### WHAT YOU SHOULD DO
Return only the lines of the data below from the line with "801 W Oak St, Page, AZ 86040 - Photo 1" up to and including the line with "1145 Normandy Dr 304, Miami Beach FL 33141", exactly as written, with the pictures omitted.

----- SUPPLIED RECORDS

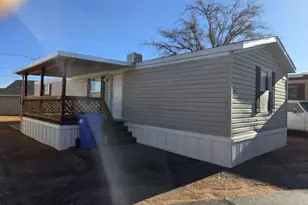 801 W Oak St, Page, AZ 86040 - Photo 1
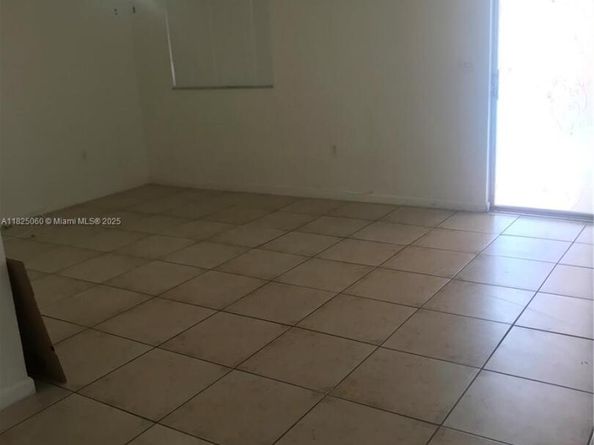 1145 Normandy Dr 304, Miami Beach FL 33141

----------
----- SUPPLIED RECORDS

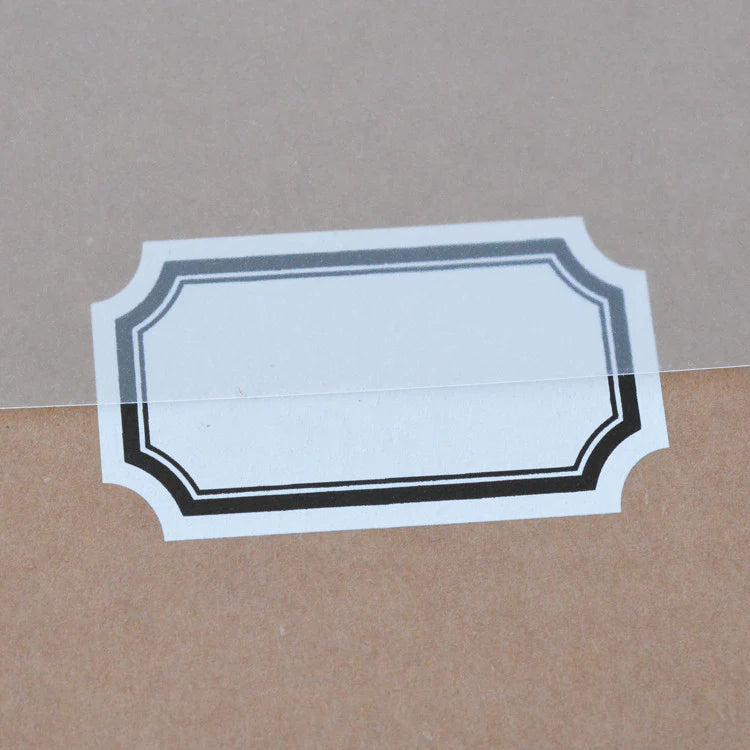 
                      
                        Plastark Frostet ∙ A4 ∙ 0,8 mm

----------

### REPLY
 801 W Oak St, Page, AZ 86040 - Photo 1
 1145 Normandy Dr 304, Miami Beach FL 33141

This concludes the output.